R Z Aminov1_{, A B Moskalenko}1_{and A I Kozhevnikov}2

1 _{Saratov Scientific Center of Russian Academy of Sciences, 410054, Russia, Saratov,} Politechnicheskaya street, 77

2 _{Turbulence and Vortex Dynamics Group, Department of Applied Physics, Eindhoven} University of Technology, P.O. Box 513, 5600 MB Eindhoven, The Netherlands e-mail: a.kozhevnikov@tue.nl, oepran@inbox.ru

Abstract. Historically, the development of gas turbine technologies is intrinsically linked with

the increase in the initial temperature of the working fluid, which provides an increase in the thermal efficiency and thermodynamic efficiency of the gas turbine cycle. The increase in the gas turbine initial temperature leads to the unit costs reduction and the unit capacity is increased. However, higher turbine inlet parameters increase significantly thermal stresses in the metal, especially during a start-stop operation. In this study we compared the efficiency of three gas turbines with different values of the turbine inlet temperature during covering different parts of the daily electric load curve.

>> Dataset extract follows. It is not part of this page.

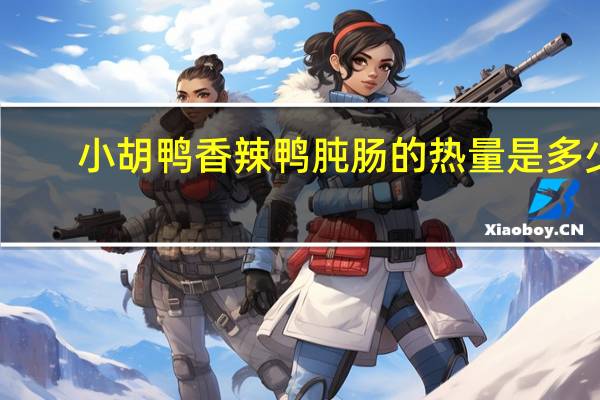 小胡鸭 香辣鸭肫肠的热量是多少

The sum of fuel and depreciation costs is chosen as an optimization criterion. Service life parameters were determined for the most thermal stressed gas turbine element, namely the first stage gas turbine blades. To implement the low-cycle fatigue analysis, the numerical simulations were implemented using ANSYS®_{. The}

modelling was divided in two stages. Firstly, the fluid dynamics behaviour was analysed around the blade cascade with the aim to determine the thermal state during the whole start-stop cycle. In the second stage of calculation, the mechanical loads were added caused by centrifugal force and the fluid flow forces from the working fluid side. To determine depreciation costs, the modified equivalent operating hours principle was used. Obtained results showed that for cyclic operation mode with a high number of start-ups and shutdowns, the costs associated with service life reduction exceed markedly the fuel economy, making turbines with lower turbine inlet temperature more profitable.

1. Introduction

In recent decades, the development of energy systems has been accompanied by an inherently increasing non-uniformity between the consumption and generation of electricity. Despite the development of different energy storage technologies, the most appropriate types of plant for providing electrical energy needs are currently conventional types running on fossil fuel. Among all such power plants, those based on gas turbines are most suitable for cyclic operation. Although gas turbines are highly flexible, frequent start-ups, shutdowns, and rapid load changes significantly reduce their service lifes, consequently increasing operating and maintenance (O&M) costs.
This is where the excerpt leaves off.